Los conductores de la turba irrumpieron en la residencia. Nadie, todo desierto. En la sala de espera, una mesa y un enorme álbum cronológico de los Papas. Santi se había colado entre los primeros y tocaba todos los timbres que hallaba a su paso. A través de un corredor austero dieron con la puerta de comunicación. Entraron en la iglesia. Los que habían quedado fuera esperaban que de un momento a otro la inmensa puerta del templo se abriera de par en par.

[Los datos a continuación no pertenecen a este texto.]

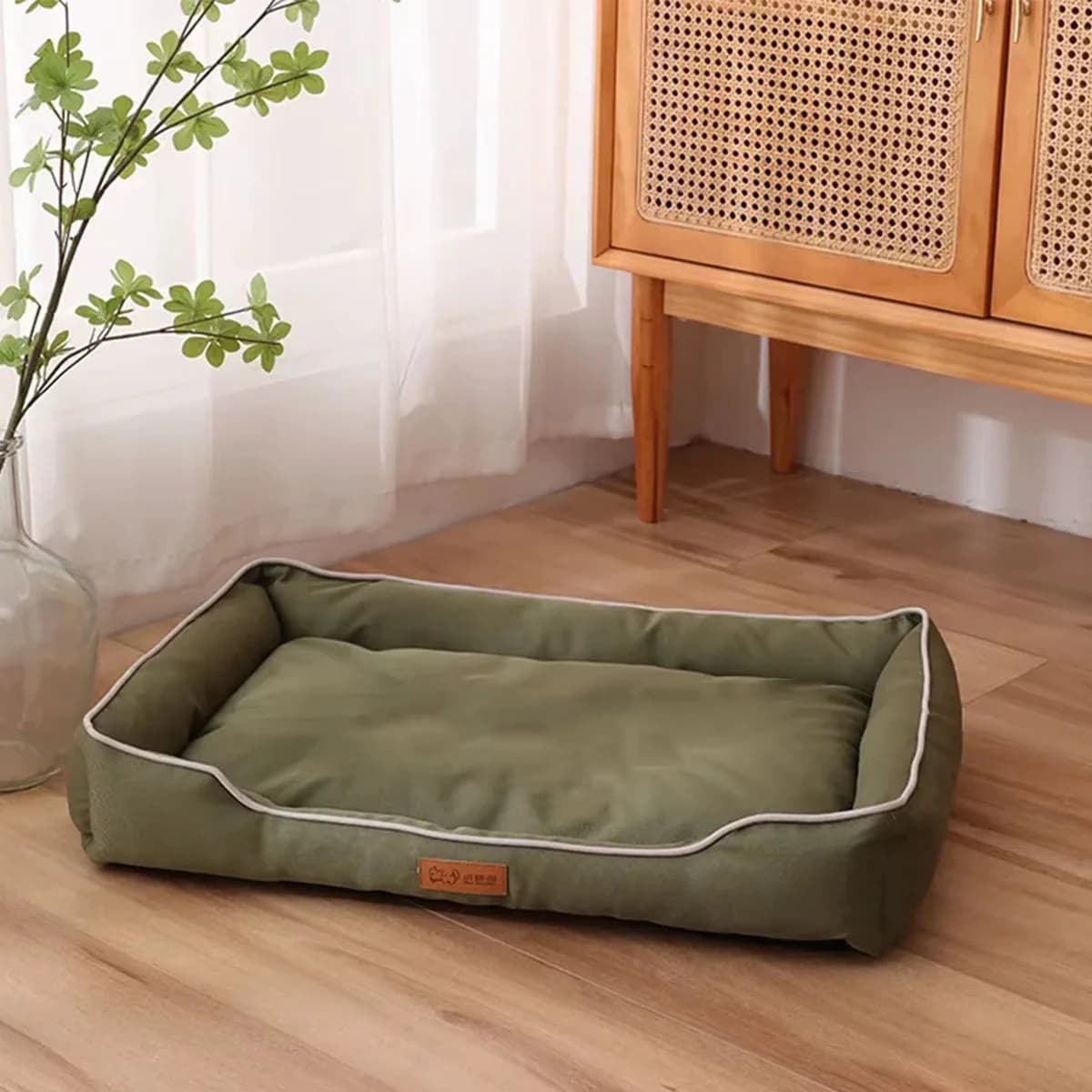 Green rectangular cushioned dog bed with raised supportive sides displayed in a bright modern home.
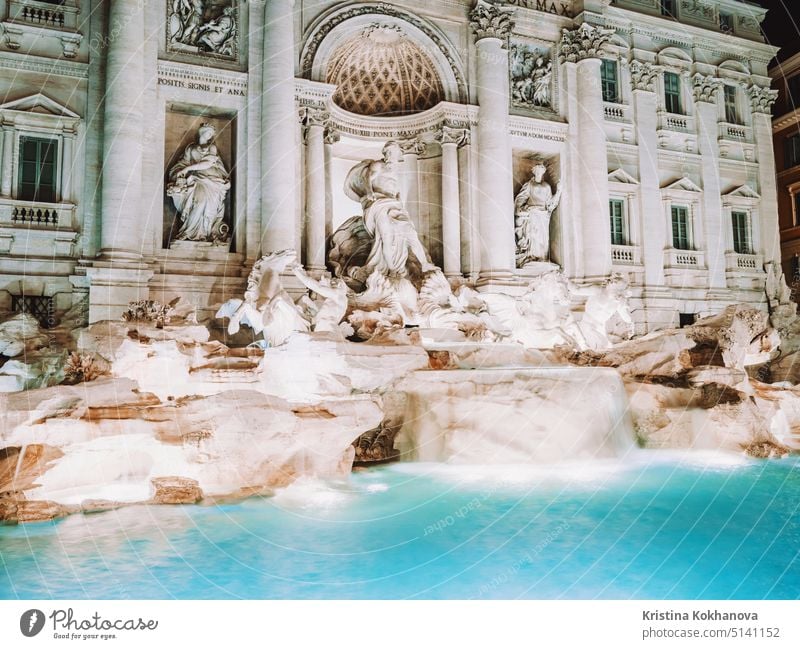 Night at Trevi Fountain with illumination, most famous fountain in Rome, Italy. trevi art baroque italian italy monument neptune roma rome sculpture statue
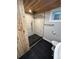 Updated bathroom featuring a wood ceiling, tiled shower, and sleek fixtures at 2201 Lima St, Aurora, CO 80010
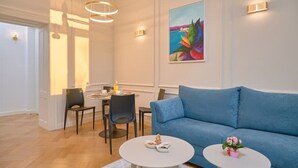 A modern living room with a blue sofa, two white coffee tables, and a dining area with chairs and a table. - Salve Luxury Apartment by Litto (Split)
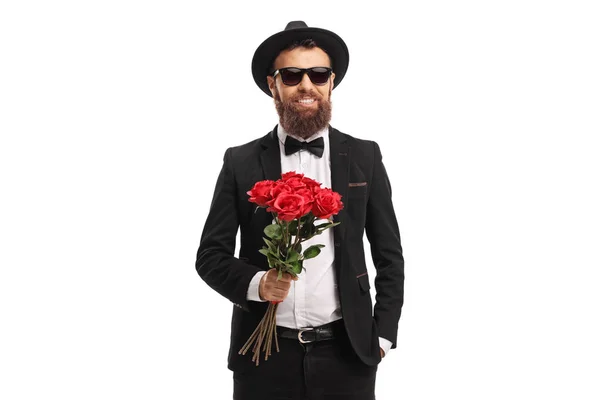 Елегантний молодий чоловік тримає купу червоних троянд — стокове фото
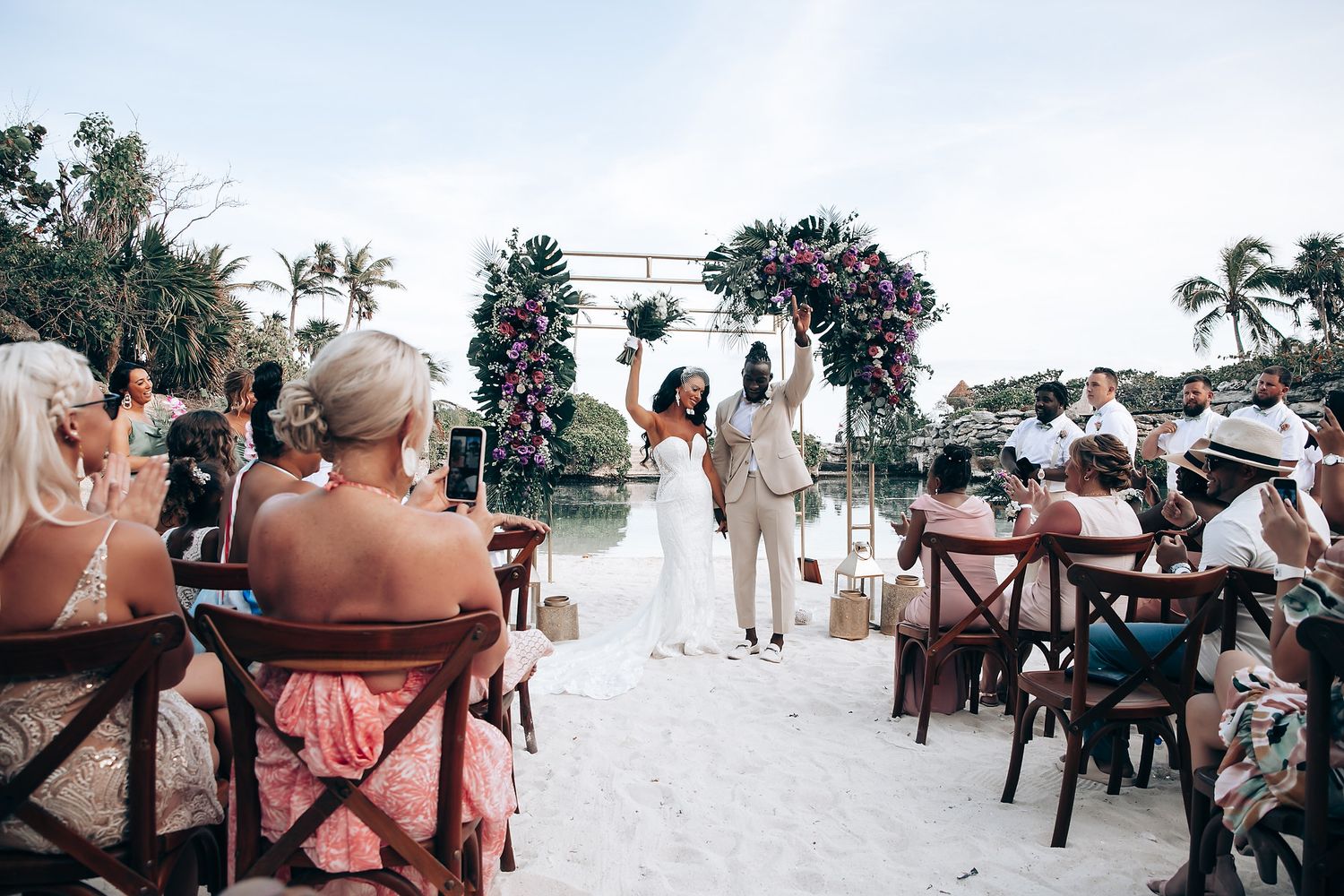 Guests attending outdoor beach wedding ceremony with wooden cross-back chairs.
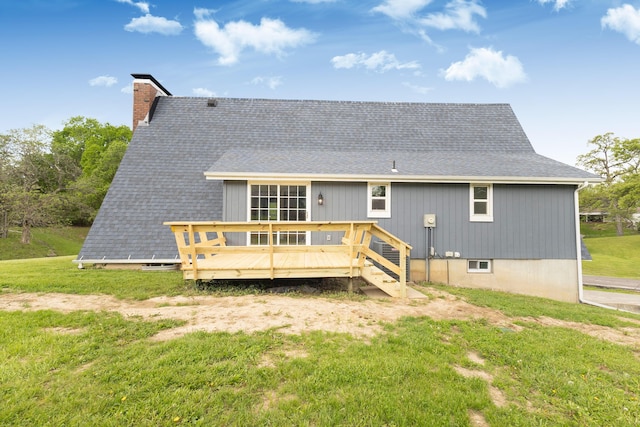 back of property with a chimney, a wooden deck, roof with shingles, and a lawn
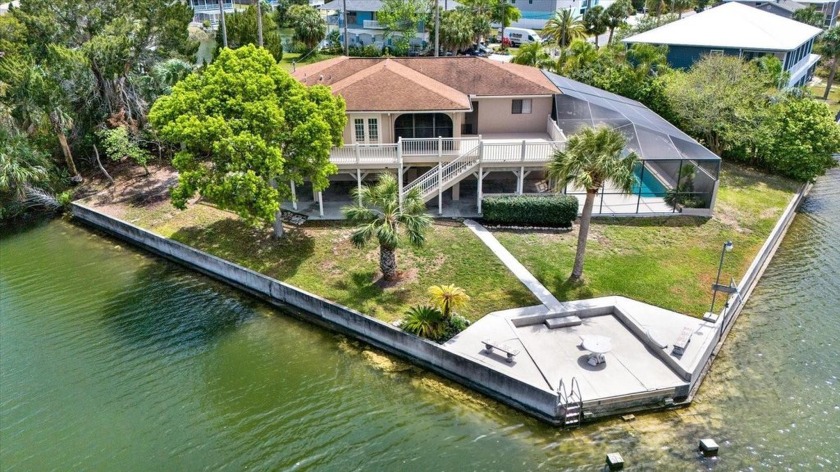 Welcome to this inviting waterfront property located in the - Beach Home for sale in Hernando Beach, Florida on Beachhouse.com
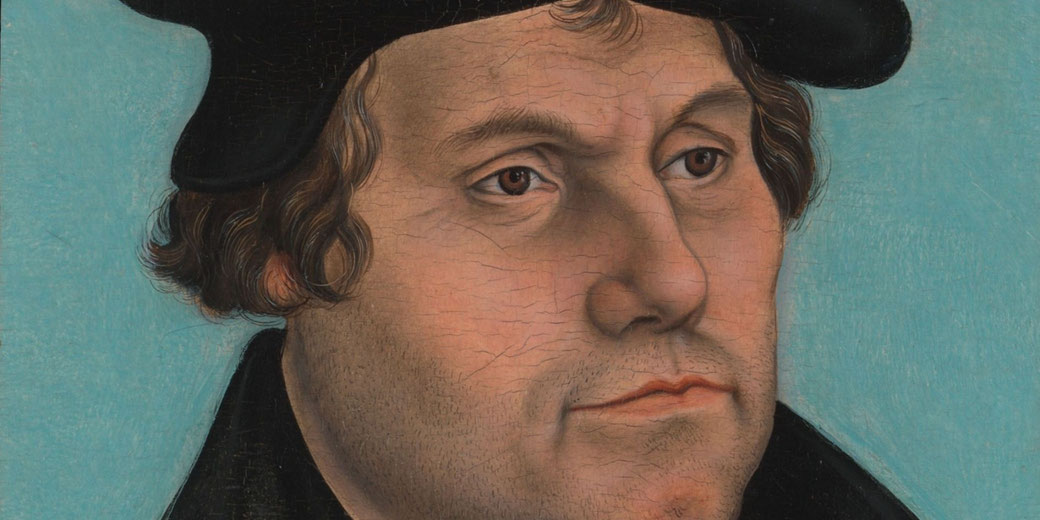 A detailed portrait of Martin Luther, the 16th-century Protestant reformer. He has short, wavy hair and a serious expression, wearing a black cap and a dark robe against a light blue background.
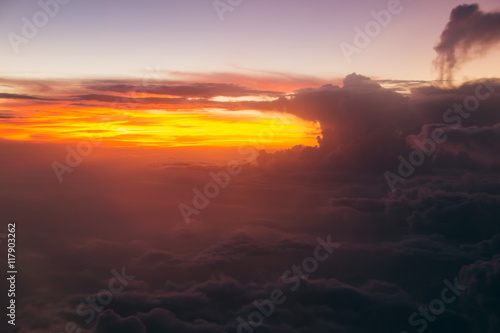 Lurid sky with clouds during sunrise. Air travel plane. Soft focus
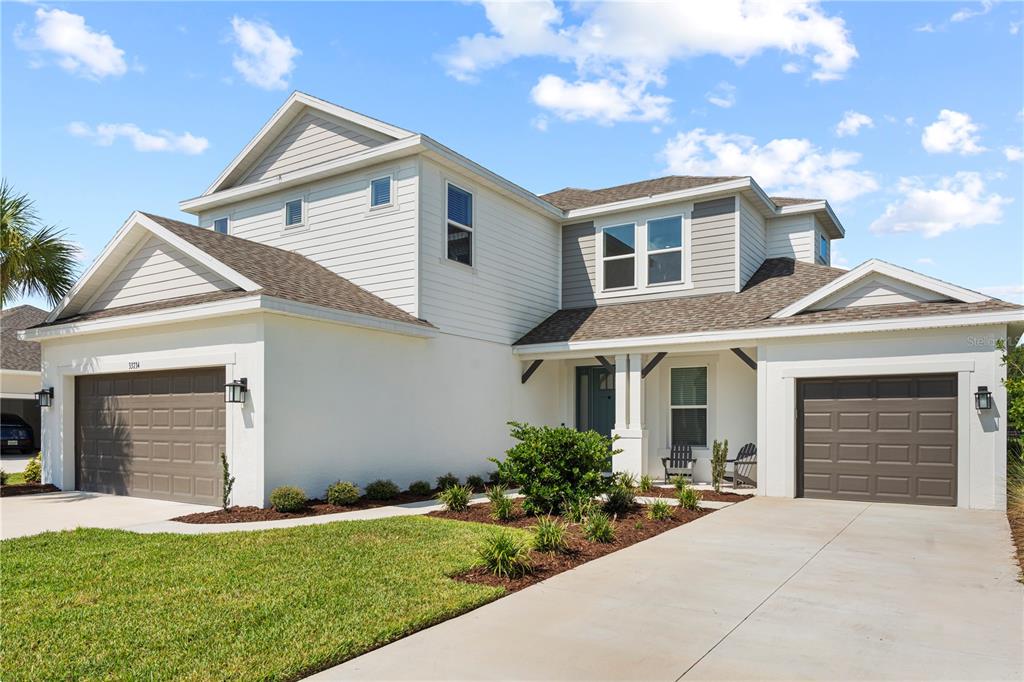 A two-story house with white stucco, gray siding, two garages, and a front porch — 33734 LANDSMAN LOOP, WESLEY CHAPEL, FL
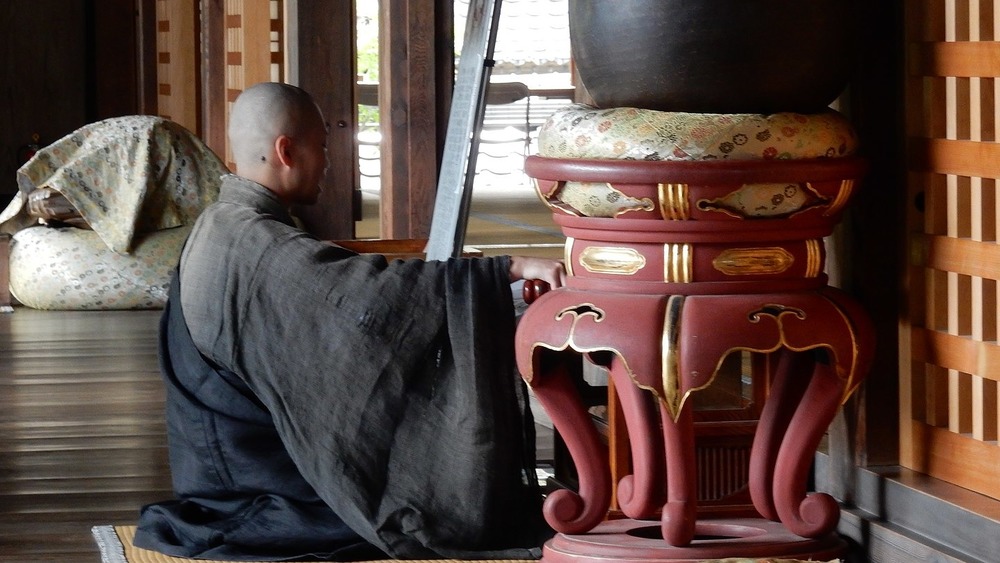 buddhist monk kneeling in temple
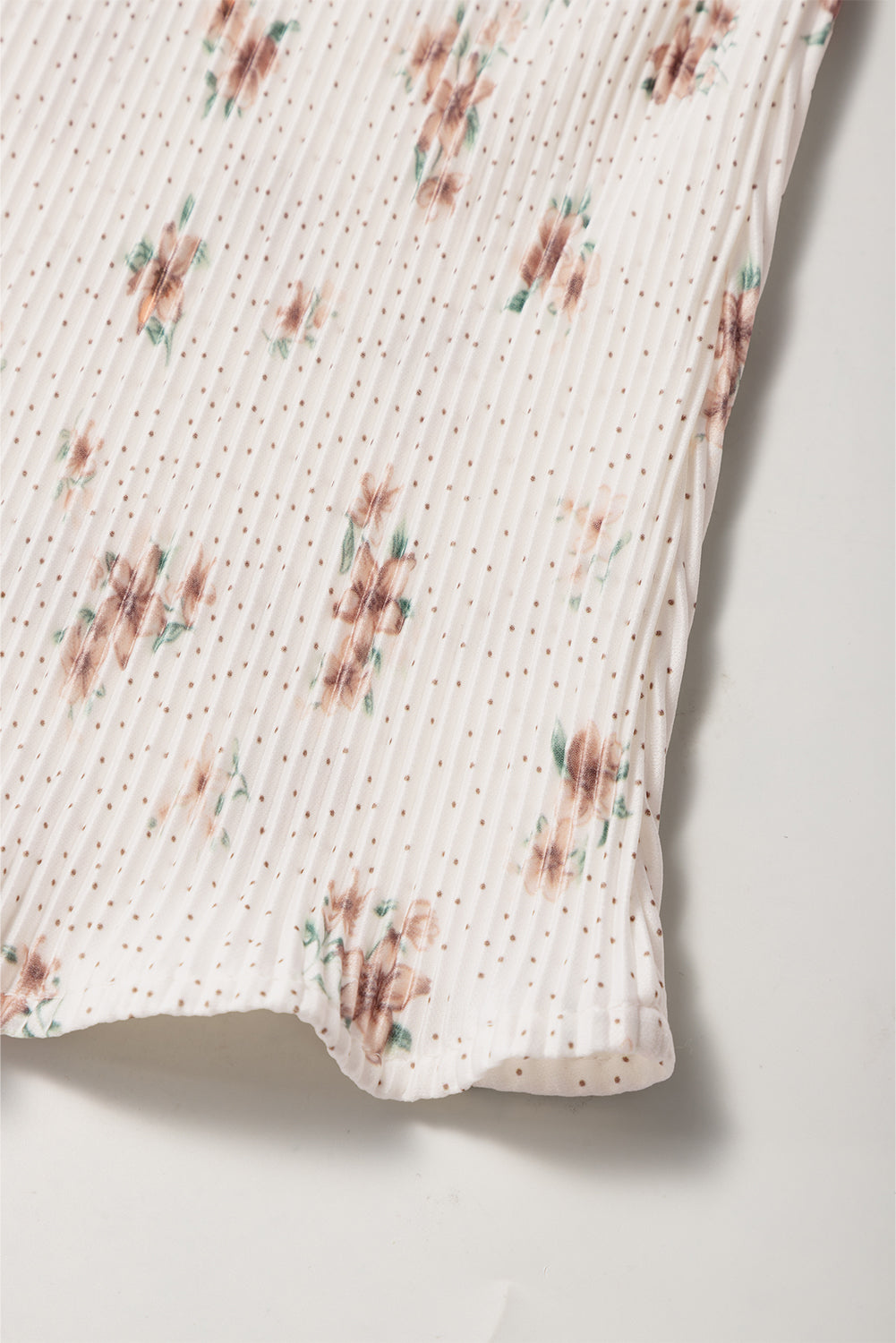Pleated floral tank top with polka dots and a bow back detail.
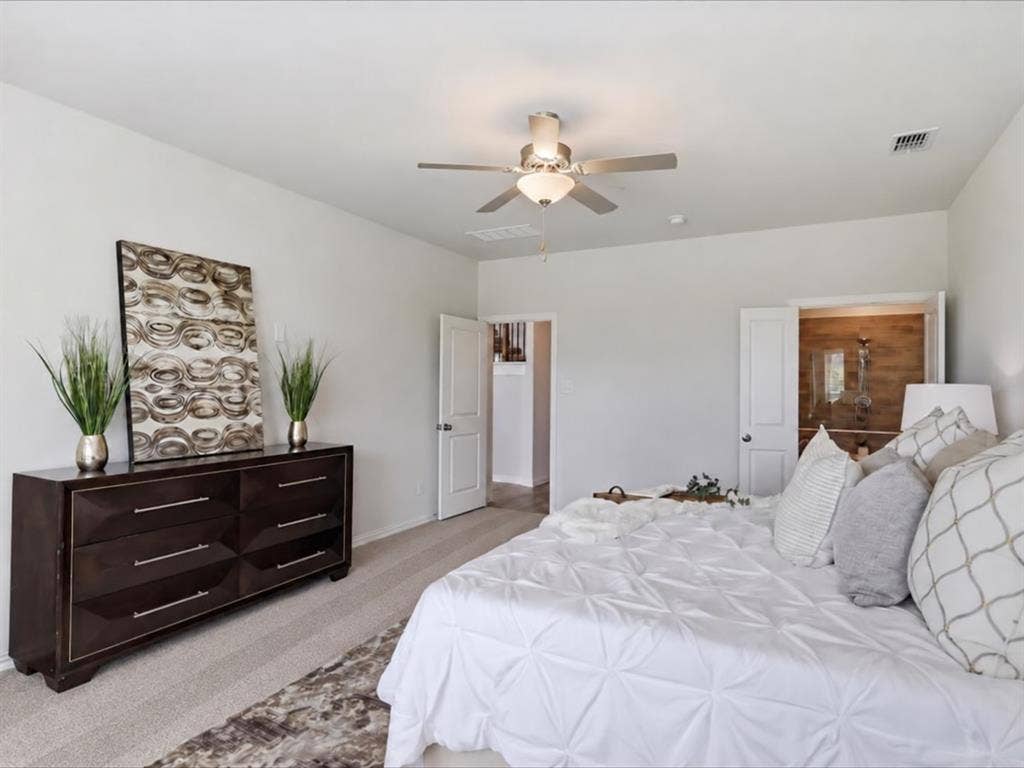 6417 Dolan Falls Drive, Northlake, TX 76226 Room featuring neutral wall tones, wall-to-wall carpeting, a multi-blade ceiling fan with integrated lighting, and white interior doors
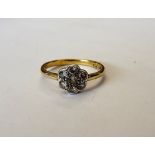 A gold and platinum, diamond set seven stone cluster ring, mounted with circular cut diamonds,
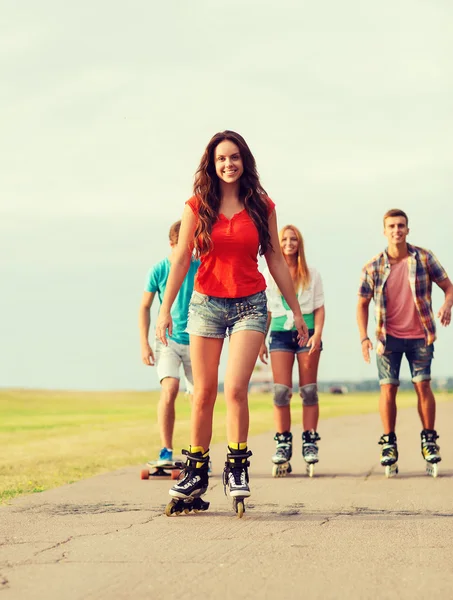 Groep van lachende tieners met skates — Stockfoto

Cuando oyeron los primeros golpes no pudieron contenerse y todos a una subieron los peldaños y, embistiendo con los hombros, ayudaban a los que forcejeaban desde dentro. «¡A… hoop! ¡A… hoop!» A la sexta tentativa la puerta cedió. Y al instante se encendieron todas las luces del templo. Santi había dado con el tablero de interruptores en la sacristía y había iluminado la fiesta. El templo se manifestó impotente para contener a todos. Se oyeron disparos. El Responsable, con su arma, disparaba contra el Sagrado Corazón del altar mayor. No fallaba un tiro, pero la imagen no se caía. Casi siempre le daba en la boca, de modo que la imagen, a cada tiro, cambiaba de expresión, lo cual enardecía más y más a todos. Otros asaltantes destrozaban los altares laterales, los bancos. La valenciana se había mojado la cara en agua bendita. Gorki se había subido a uno de los púlpitos y con un bastón larguísimo que alguien le dio intentaba alcanzar la enorme lámpara central, cuyos cristales tintineaban.

Lo que más obsesionaba a la mayoría eran los confesonarios. En cada uno había una tarjeta con el nombre del confesor. «¡Lástima que ninguno de ellos esté ahí dentro!» La madera era dura, resistente. Los culatazos apenas hacían mella en los ángulos. Unos se sentaban en el interior, otros se arrodillaban. «¡Las cosas que habrán pasado ahí!»

Porvenir era el atleta. Fue el primero en acercarse al inmenso crucifijo de la entrada. Agarrándolo por los pies pidió ayuda. «¡Al río, al río!», gritó. Pronto docenas de manos se ofrecieron. «¡Paso, paso!» La caravana salió. Cristo había quedado tendido, inclinado hacia abajo, pues los que sostenían la imagen por detrás eran más altos que Porvenir. Al alcanzar la barandilla del río se ofreció el Oñar, fangoso, a su vista. Para tirar la Cruz abajo tuvieron que apoyarla en la barandilla y levantarla con esfuerzo sobrehumano. «¡Va…!» Cristo cayó, dando media vuelta completa. Se cayó y quedó clavado en el barro como una flecha. Los brazos de madera de la cruz eran patéticos, señalaban en todas direcciones. La imagen, cabeza abajo, como San Pedro.

En el interior de la iglesia la lucha de los hombres contra la materia estaba en su apogeo. No habría otro remedio que emplear el fuego. Todo era de primera calidad. «¡Lo que tendrán ahí esos tíos!» Cosme Vila fue el primero en incendiar el altar mayor. Se decidió a ello porque calculó que, dado el espesor de la piedra, el edificio no ardería, de modo que no habría peligro para la vecindad. Sólo arderían los altares. Las llamas prendieron en las telas. Ardió un confesionario, luego unos bancos. El Responsable disparaba ahora contra la lámpara y muchos le imitaron. Cosme Vila, al ver a Gorki en el púlpito, de repente pensó: «En realidad, el alcalde tiene que ser él».